Printable CopyFAITH HEALER
Belvoir/State Theatre Company South Australia
The Space
Until 13 Oct 2018

Review by Jamie Wright

Three actors, three characters, four monologues and an air of mystery (and the mystical) – and, apart from the bows, no onstage interaction at all; such is Brian Friel’s “Faith Healer”, the story of travelling faith healer Francis Hardy (Colin Friels); his wife, Grace (Alison Whyte); and his manager, Teddy (Paul Blackwell).

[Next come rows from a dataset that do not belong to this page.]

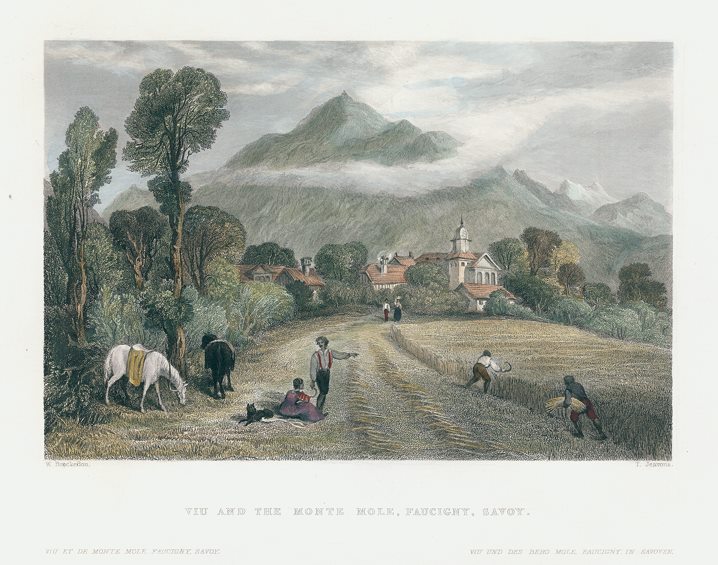 France, Savoy, Viu & the Monte Mole, Faucigny, 1836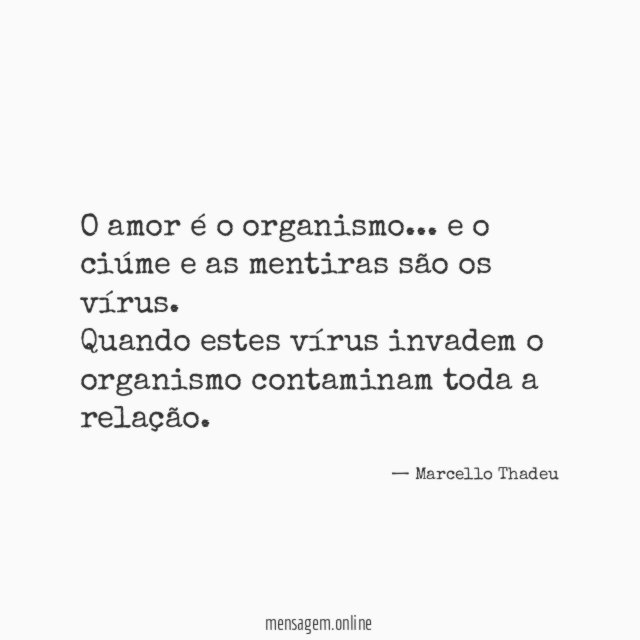 O amor é o organismo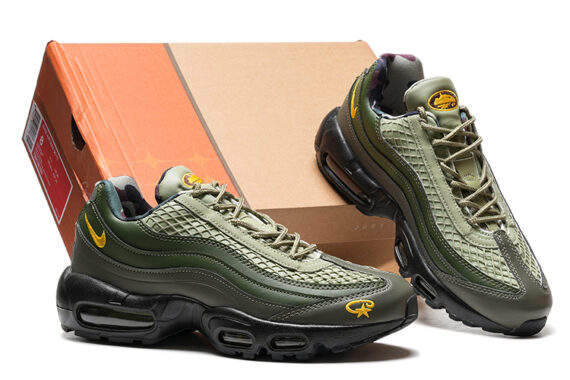 ⁦נעלי נייק NIKE AIR MAX 95 GREEN BLACK TURKIZ⁩ – תמונה ⁦5⁩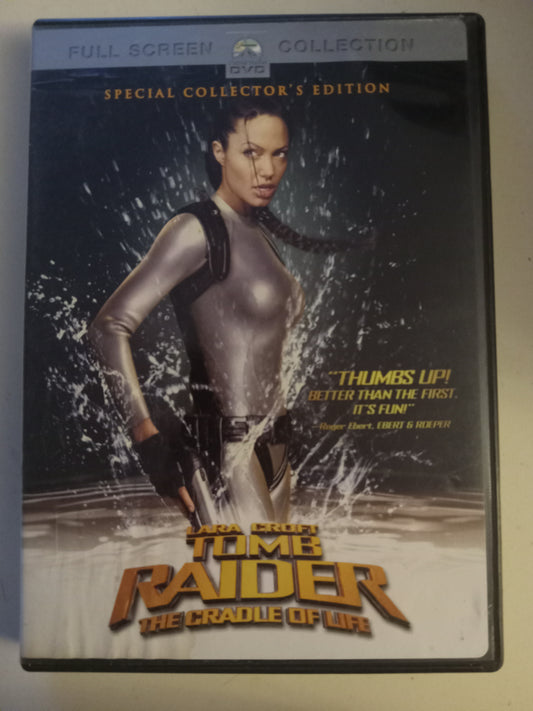Lara Croft Tomb Raider The Cradle Of Life, DVD Movie, Angelina Jolie Fullscreen, Rated PG-13, USED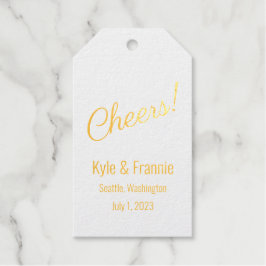Cheers! Folie - Aangepaste ventilatortags Cadeaulabels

The play opens with Hardy’s first monologue, where he recounts how the trio have eked out a living travelling the backroads of Wales and Scotland. The second ‘act’ is Grace’s monologue where we realise that perhaps Hardy is not the most reliable of narrators – and nor is he as good a man as he might like to think himself. Teddy then gets to tell his version, which provides some answers – but raises more questions. In the fourth and final chapter, Hardy returns to tie the loose ends together. Or does he? There are no easy answers on offer here.

Friels, first up, commands the stage with small, subtle movements and intensity; it’s a superb performance. In the second section, Whyte faces somewhat of a challenge to recapture the audience after such a powerful performance and the slight derailing effect of the scene change – but once the momentum builds, she delivers a compelling performance as the anguished Grace.

After the break – other productions have run without one, but here there was a 20-minute interval – is Teddy. This is – initially at least – a far more broadly comedic piece, and not unwelcome after the heartbreak of the preceding one, and Blackwell’s delivery is superb. But the humour is slowly overtaken by maudlin as the now-inevitable tragedy unfolds even further, and Blackwell moves with it.

Friels then returns to bookend the story, and fill in the final pieces of the puzzle, and he seems different now; is it his performance, or how our perception of the character has changed with the information that has come to light in his absence?

Director Judy Davis and the three performers have taken the dense, wordy narrative and brought it to life – these are long, intense monologues that could easily get bogged down under the weight of the material – but here, in such capable hands, it’s captivating; an engaging mix of excellent script, keen insight and tremendous performances.